# Snowflake feeding time



## baldiemac (Jan 24, 2011)

Here is my snowflake eel waiting for its dinner, hope you enjoy
video posted via link below
http://www.fishtanks.net/fishtank.php?fishtank=3084


----------



## aunt kymmie (Jun 2, 2008)

What an awesome fish! And what a little pig, lol. Thanks for posting!! :-D


----------



## baldiemac (Jan 24, 2011)

she is still out looking around, she was fed over an hour ago and she is still out and about which is unusual, I think I am very lucky having her.
thanks for looking anyway


----------



## aunt kymmie (Jun 2, 2008)

Actually, she's lucky having you! So many people get a snowflake and keep it in much too small of a tank, not realizing how big they get. Your snowflake has a VERY nice home! What's her name, anyway? Ms. MacMcDaddie?? ;-)


----------



## baldiemac (Jan 24, 2011)

I am going to call it aunt kymmie


----------



## aunt kymmie (Jun 2, 2008)

baldiemac said:


> I am going to call it aunt kymmie


LMAO!! :lol: For real???????????????????


----------



## baldiemac (Jan 24, 2011)

Yep, I am naming her after you as you were the first to observe her and you like her home so aunt kymmie it is


----------



## aunt kymmie (Jun 2, 2008)

baldiemac said:


> Yep, I am naming her after you as you were the first to observe her and you like her home so aunt kymmie it is


Awesome! This is the first time I've ever had a fish named after me.
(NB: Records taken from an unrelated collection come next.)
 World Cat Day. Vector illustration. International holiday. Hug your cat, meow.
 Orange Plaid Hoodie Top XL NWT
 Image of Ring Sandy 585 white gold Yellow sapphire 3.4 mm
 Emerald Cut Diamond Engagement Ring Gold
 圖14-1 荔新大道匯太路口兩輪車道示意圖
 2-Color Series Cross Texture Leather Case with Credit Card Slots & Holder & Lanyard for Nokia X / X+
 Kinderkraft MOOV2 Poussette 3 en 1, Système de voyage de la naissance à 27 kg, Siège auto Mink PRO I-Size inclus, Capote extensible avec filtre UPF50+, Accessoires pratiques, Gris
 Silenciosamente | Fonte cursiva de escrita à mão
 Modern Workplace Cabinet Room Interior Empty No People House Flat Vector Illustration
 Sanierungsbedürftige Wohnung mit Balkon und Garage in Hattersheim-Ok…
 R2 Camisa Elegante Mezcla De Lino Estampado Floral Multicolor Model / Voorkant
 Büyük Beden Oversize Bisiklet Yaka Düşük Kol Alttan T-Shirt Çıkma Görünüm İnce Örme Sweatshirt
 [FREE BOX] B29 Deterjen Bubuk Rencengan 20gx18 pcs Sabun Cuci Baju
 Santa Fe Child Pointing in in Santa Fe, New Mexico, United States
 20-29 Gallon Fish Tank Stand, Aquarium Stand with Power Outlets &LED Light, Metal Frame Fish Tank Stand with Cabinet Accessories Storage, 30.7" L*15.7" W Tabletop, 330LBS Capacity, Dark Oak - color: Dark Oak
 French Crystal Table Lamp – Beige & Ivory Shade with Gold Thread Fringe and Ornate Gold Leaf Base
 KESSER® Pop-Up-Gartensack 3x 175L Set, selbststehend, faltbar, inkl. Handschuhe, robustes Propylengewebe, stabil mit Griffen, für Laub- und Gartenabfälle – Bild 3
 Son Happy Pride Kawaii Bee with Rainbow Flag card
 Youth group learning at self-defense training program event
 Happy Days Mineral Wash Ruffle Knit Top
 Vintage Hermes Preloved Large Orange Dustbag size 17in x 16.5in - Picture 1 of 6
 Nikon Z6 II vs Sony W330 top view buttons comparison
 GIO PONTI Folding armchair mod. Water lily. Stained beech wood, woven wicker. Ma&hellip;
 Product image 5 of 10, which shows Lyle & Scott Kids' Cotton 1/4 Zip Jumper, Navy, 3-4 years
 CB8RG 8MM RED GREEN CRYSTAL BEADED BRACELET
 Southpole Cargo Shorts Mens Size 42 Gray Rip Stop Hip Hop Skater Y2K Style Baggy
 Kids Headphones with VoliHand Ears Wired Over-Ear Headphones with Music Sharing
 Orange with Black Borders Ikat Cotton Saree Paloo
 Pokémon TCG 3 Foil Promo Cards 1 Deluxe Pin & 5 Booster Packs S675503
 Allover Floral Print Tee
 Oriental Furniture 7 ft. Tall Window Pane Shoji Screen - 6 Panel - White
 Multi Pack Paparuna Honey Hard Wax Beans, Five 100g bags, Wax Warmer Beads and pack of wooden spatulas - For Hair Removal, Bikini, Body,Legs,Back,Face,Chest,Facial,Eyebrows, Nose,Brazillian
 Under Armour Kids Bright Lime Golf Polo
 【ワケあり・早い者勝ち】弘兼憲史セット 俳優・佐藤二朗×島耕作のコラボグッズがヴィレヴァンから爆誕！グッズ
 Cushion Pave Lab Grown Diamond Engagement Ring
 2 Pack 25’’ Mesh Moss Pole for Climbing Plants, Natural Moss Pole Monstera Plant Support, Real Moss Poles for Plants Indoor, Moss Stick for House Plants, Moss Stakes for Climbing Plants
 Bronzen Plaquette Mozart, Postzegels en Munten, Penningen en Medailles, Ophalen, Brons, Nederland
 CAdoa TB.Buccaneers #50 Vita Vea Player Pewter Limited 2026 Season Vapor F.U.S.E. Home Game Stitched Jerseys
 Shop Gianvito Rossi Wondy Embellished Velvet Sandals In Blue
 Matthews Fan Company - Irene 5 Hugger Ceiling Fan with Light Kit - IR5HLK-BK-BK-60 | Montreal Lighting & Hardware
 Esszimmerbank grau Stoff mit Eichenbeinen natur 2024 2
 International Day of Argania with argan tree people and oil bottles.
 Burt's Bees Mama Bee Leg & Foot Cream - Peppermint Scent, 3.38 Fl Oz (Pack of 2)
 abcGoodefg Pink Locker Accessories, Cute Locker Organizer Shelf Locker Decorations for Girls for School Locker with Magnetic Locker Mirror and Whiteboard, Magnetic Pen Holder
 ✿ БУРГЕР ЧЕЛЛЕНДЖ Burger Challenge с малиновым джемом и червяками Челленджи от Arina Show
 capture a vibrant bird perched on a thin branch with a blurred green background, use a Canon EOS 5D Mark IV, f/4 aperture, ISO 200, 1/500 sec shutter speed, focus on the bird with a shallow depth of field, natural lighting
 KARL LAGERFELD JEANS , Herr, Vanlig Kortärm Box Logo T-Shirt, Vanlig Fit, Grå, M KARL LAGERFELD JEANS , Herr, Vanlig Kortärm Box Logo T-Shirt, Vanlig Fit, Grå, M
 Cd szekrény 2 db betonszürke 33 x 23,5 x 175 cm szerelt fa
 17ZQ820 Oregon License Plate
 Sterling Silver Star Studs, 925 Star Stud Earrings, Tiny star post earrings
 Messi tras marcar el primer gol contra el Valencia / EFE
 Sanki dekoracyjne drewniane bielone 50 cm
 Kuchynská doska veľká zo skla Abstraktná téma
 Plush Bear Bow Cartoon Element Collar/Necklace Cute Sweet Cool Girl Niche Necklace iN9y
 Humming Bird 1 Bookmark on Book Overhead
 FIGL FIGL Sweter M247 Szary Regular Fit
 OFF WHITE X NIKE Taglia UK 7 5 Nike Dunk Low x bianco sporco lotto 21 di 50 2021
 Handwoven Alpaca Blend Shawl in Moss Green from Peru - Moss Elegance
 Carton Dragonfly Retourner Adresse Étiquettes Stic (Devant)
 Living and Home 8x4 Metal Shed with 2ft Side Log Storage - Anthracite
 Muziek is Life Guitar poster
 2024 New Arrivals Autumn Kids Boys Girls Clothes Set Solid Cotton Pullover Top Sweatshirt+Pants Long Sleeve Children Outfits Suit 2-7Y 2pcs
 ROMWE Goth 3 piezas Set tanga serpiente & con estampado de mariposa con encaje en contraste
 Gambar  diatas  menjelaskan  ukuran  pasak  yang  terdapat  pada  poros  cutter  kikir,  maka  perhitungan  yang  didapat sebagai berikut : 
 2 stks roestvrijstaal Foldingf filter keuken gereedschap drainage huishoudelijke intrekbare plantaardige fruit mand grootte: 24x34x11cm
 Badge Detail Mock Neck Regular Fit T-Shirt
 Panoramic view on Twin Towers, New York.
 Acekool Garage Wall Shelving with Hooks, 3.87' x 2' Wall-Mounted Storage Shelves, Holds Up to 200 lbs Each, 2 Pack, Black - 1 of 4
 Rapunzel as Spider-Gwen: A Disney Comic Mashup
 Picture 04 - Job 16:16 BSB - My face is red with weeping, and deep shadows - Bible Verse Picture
I consider this a very high honor! ;-)


----------



## baldiemac (Jan 24, 2011)

i think the name suits her, we shall have to tell the world that you have a snowflake named after you, that is so cool, I shall keep you posted with her progress


----------



## aunt kymmie (Jun 2, 2008)

baldiemac said:


> i think the name suits her, we shall have to tell the world that you have a snowflake named after you, that is so cool, I shall keep you posted with her progress


You know, we can drop the "Aunt" part of the name, and just call her "Kymmie", which is what all my friends call me. Just watching her scarf down her food reminds me of me! I'm ALWAYS hungry. ;-)


----------



## baldiemac (Jan 24, 2011)

OK Kymmie it is then and you can be her aunt


----------



## Calmwaters (Sep 2, 2009)

Very cool fish with an awesome name! ; ) LOL what was that you were feeding them?


----------



## baldiemac (Jan 24, 2011)

they were called dillies, like a small lance fish, my anemone likes them as well, she also has krill 2 or 3 times a week but she also takes formula 1 and formula 2 pellets, they are not for her but she eats them, quite funny really, I'm sure the other fish get the hump with her for eating their food


----------